One of the most common mistakes founders make is picking a name that is impossible to rank for. If you name your company "Apple," you’d better have a billion dollars to fight for that keyword. When learning how to name a business for SEO, you must look for "White Space" in the search results.
McIntosh warns against picking words where a competitor or a generic term already dominates the first page of Google. By combining a high-intent keyword ("Sheets") with a unique identifier ("Giggles"), he created a brand name that was easy to own. Within months, searching for "Sheets & Giggles" led directly to his Shopify store, not a Wikipedia page about laughter.
When you are building your brand identity map, run your potential names through keyword research tools or the Google Ads Keyword Planner. If the top results are massive incumbents with high domain authority, keep brainstorming. You want a name that allows you to dominate your own branded search traffic immediately.

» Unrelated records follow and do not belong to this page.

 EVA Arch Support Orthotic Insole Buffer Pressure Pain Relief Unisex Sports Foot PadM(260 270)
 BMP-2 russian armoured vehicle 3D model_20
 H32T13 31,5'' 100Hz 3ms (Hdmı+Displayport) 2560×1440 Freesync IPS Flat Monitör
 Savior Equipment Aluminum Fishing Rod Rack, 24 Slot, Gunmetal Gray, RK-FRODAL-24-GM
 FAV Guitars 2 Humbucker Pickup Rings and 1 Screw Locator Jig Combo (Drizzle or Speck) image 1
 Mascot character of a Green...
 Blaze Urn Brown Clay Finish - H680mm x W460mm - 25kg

Rule 4: The .com Constraint
In the US market, trust is synonymous with .com. While tech startups love .io, .ai, or .co, the average American consumer still views these with a hint of skepticism. McIntosh is adamant: if you are selling a physical product to a mass audience, you need the .com Top-Level Domain (TLD).

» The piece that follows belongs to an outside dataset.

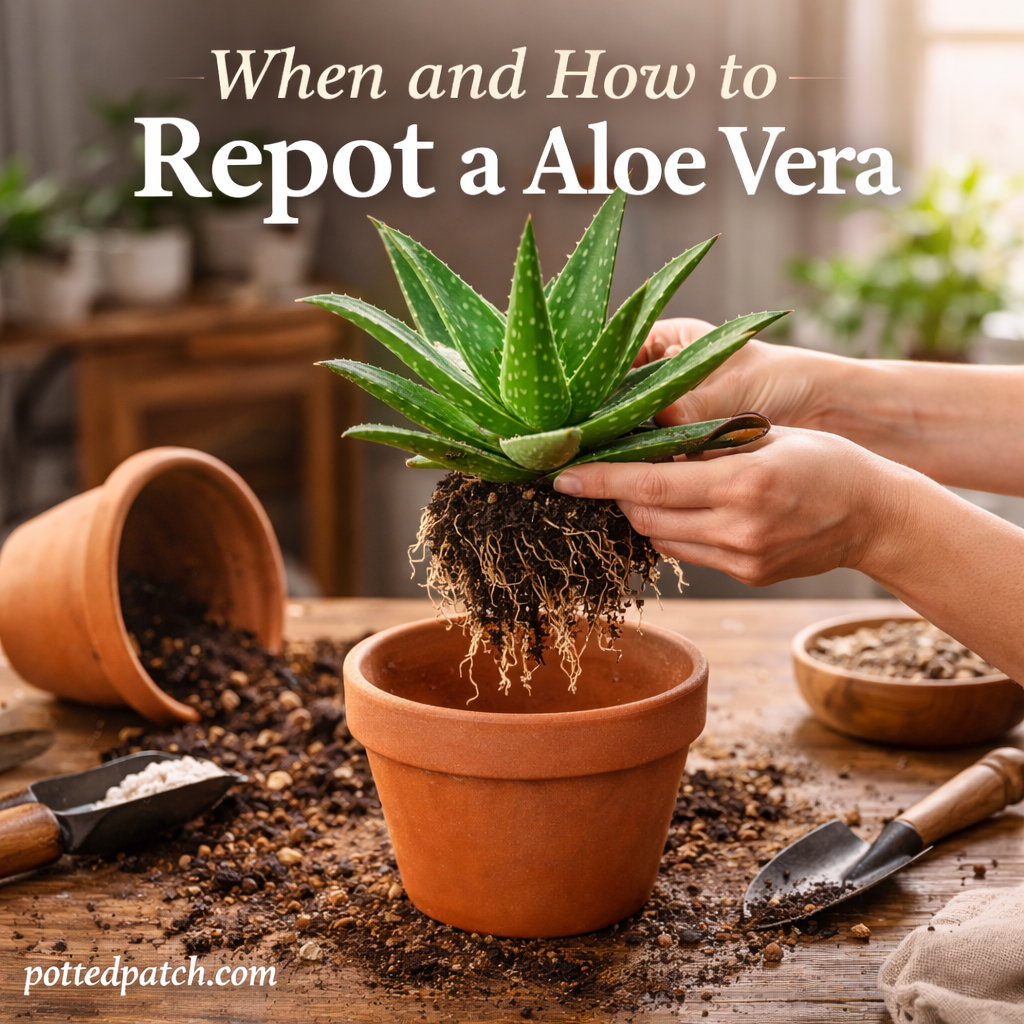 When and How to Repot a Aloe Vera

"Americans don't buy from anything that's not a .com," McIntosh says. This constraint actually helps your brand naming strategy by forcing you to be creative. If the .com for your primary name is taken by a squatter for $50,000, and you don't have that budget, it’s a sign to pivot the name. A brand like Sheets & Giggles was able to secure its domain early, which instantly lent it the credibility needed to compete with legacy bedding brands.
"A .com is a signal of permanence. It tells the customer you aren't a fly-by-night operation and that their credit card info is safe with you."

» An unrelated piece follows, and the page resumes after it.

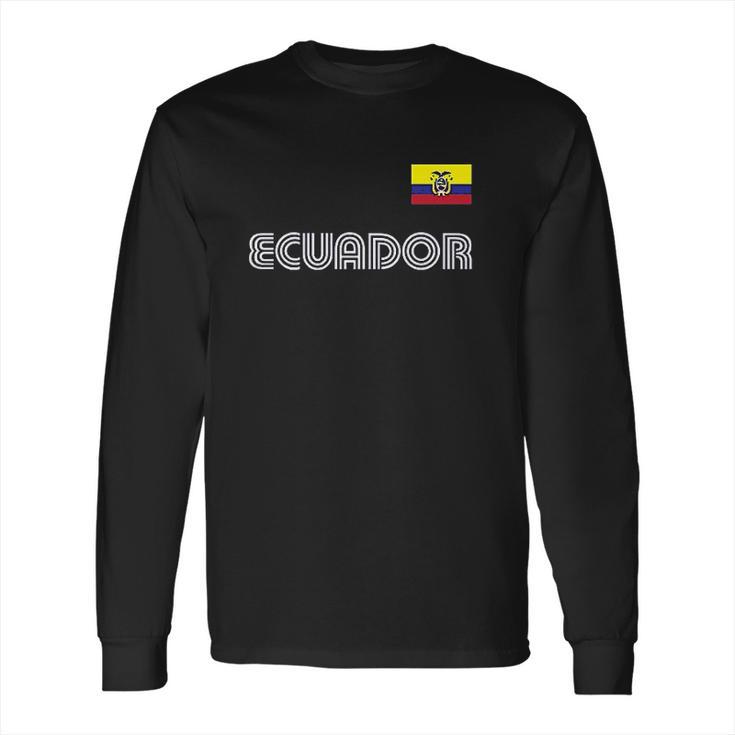 Spiritforged Apparel Ecuador Soccer Jersey Long Sleeve T-Shirt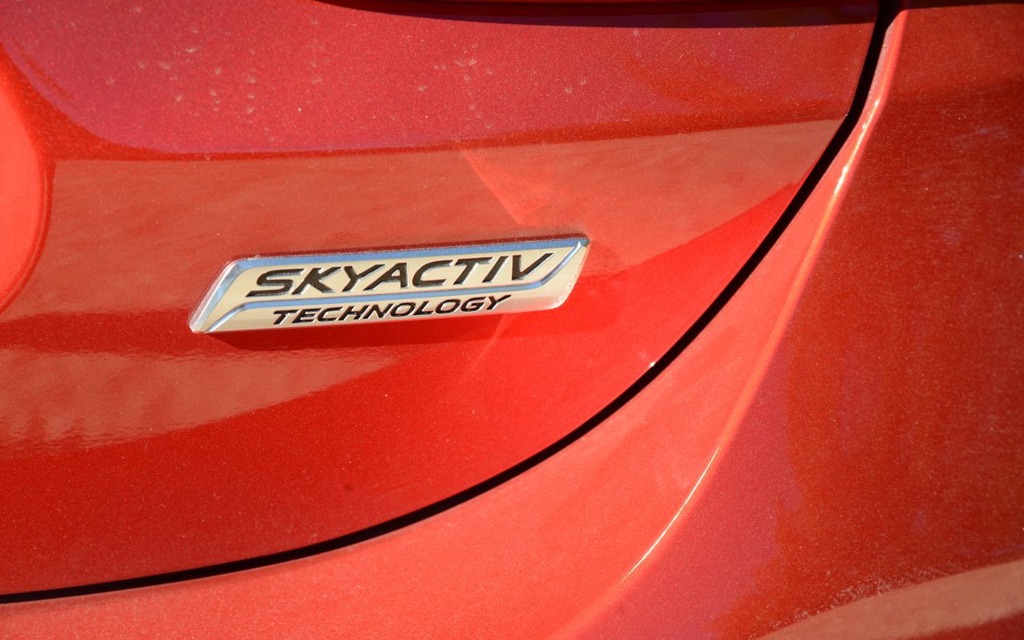 The Mazda6 uses SKYACTIV technology.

Scaling the Brand: Beyond the Name
Once you have the name, the work of ecommerce brand building begins. For Sheets & Giggles, this meant leaning into a distinct brand voice. They don't iron their sheets for photoshoots because they want to look real. They use friends as models because "you can't fake friendship and chemistry." This authentic approach makes their content perfect for platforms like TikTok and Instagram.
To scale to $1.2 million a month, McIntosh also utilized a modern tech stack, including Okendo for reviews and Rebuy for smart upsells. But perhaps most importantly, he focused on building a community through personalized outreach. In the early days, he answered every social media comment and customer care email himself.
As brands grow, maintaining that personal touch becomes harder. Modern growth teams now use AI-powered platforms to maintain that "founder-led" feel at scale. For instance, platforms like Stormy AI streamline creator sourcing and outreach, helping brands discover and vet UGC creators who actually resonate with the brand's unique "punny" or "authentic" voice, ensuring that the outreach stays hyper-personalized even as the creator roster grows into the hundreds.
The Million-Dollar Blueprint: A Summary

Building a brand that makes $1 million a month while you work from bed (as McIntosh often does) isn't a result of luck. It is the result of a rigorous framework applied to the very first decision you make: the name. By following the spell-sharable-memorable rule, ensuring denotation, optimizing for SEO, and securing a .com, you remove the barriers between your product and your customer.
If you're currently in the "blank page" phase, use tools like ChatGPT or Claude to brainstorm within these four constraints. Once you have a name that sticks, validate it through an email capture campaign, and then use Stormy AI to source the creators who will bring that name to life across social media.
The journey from being laid off to running a multi-million dollar business is paved with smart, early decisions. Start with a name that works as hard as you do.